Your birth experience and how you were treated during labour & birth (even prenatally) can greatly impact your journey into your postpartum period, it can also influence the way you parent your child and your relationship with your partner.
As a birth worker, I often notice the first layer of trauma stemming from the lack of compassion and empathy from our care providers. Especially so with body boundaries and language. They can be very blunt, use fear-based language and intrusive into our personal space. They probe and touch, even when birthers are pleading... saying "stop", "I don't want that", "no", care providers continue.
How can we feel safe, in an environment that treats us otherwise?
The medical world has evolved, in the realm of childbirth, we now see this natural part of us as something that needs a remedy - that childbirth needs to be fixed and intervened. We lack the most basic value in this very intricate process - respect.

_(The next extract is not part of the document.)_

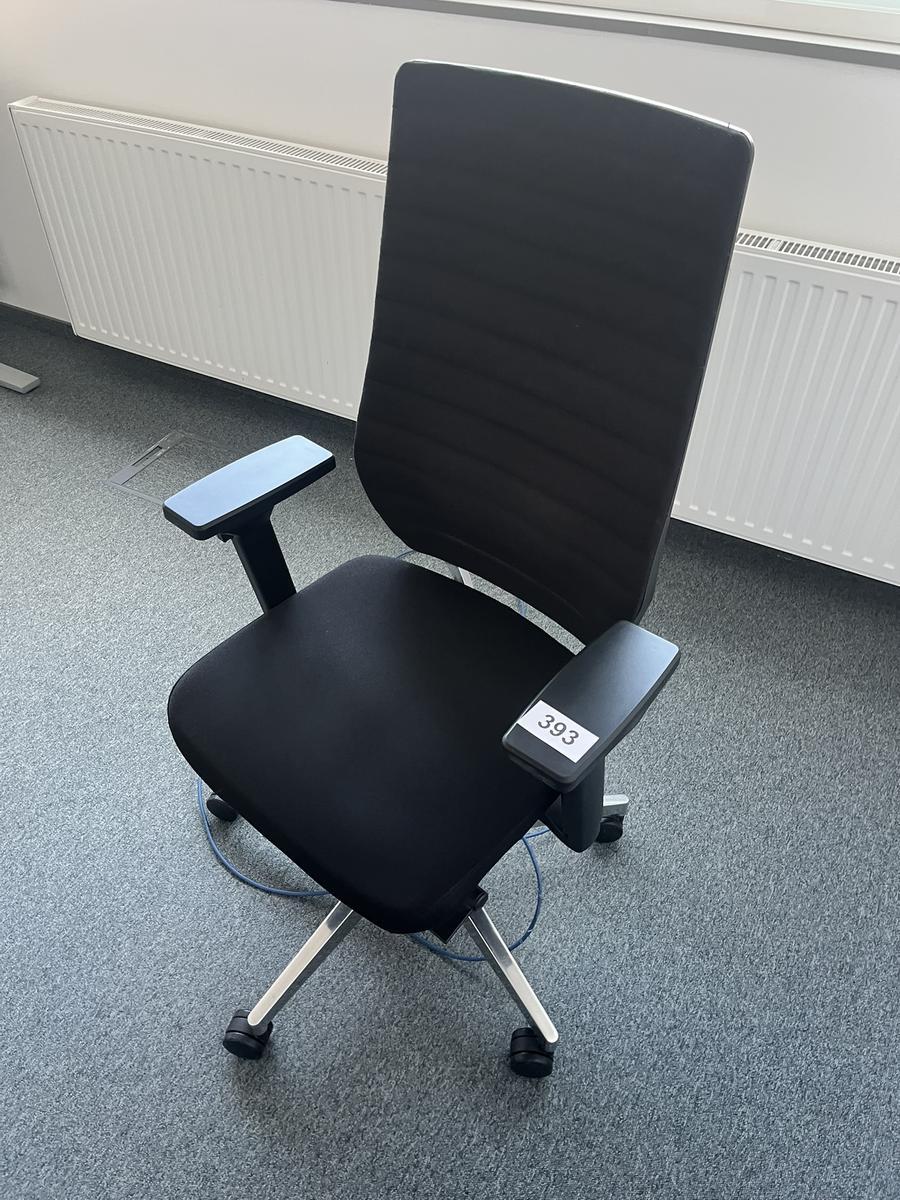 B&uuml;rodrehstuhl mit Armlehne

We don't know what we don't know and many of us often don't realise that we actually have rights to our own body and our birth experience.
How can we minimise trauma during childbirth and protect our birthing right?
Choosing the right care provider/hospital
It is so important to choose the right doctor and hospital to support you on your journey. If you are looking for a natural vaginal birth with unnecessary interventions, then find one that fits the bill. If you are looking for a belly birth, then find a doctor that is experienced in managing a caesarean birth. When you choose the right doctor, you are halfway there towards your birth story.
Knowledge is power
Read and find out more information about the birth process, what are the pros and cons of each intervention. Equip yourself with evidence-based information around inductions, find out the what, why and how. Making informed choices gives you a sense of autonomy at the same time making room for contingent plans when things don't go according to what you are wanting.
Be your own advocate
As much as we prepare for our big day, when we are in the hospital, by default, the system takes over. It is in those times that you (and/or your partner) stand up for yourself, in a respectful and polite manner. Question your doctor, ask what are the risks vs benefits, seek alternatives. You should not be forced into making a decision by your care provider.
Engage a doula!
Research has shown the benefits a couple can gain from having a doula at their birth; a decrease in medical interventions, lower stress & anxiety levels just to name a few. Having someone else there to guide and support you (and your partner) during this process can help reduce trauma around birth.
This is your birth, your story... you got this!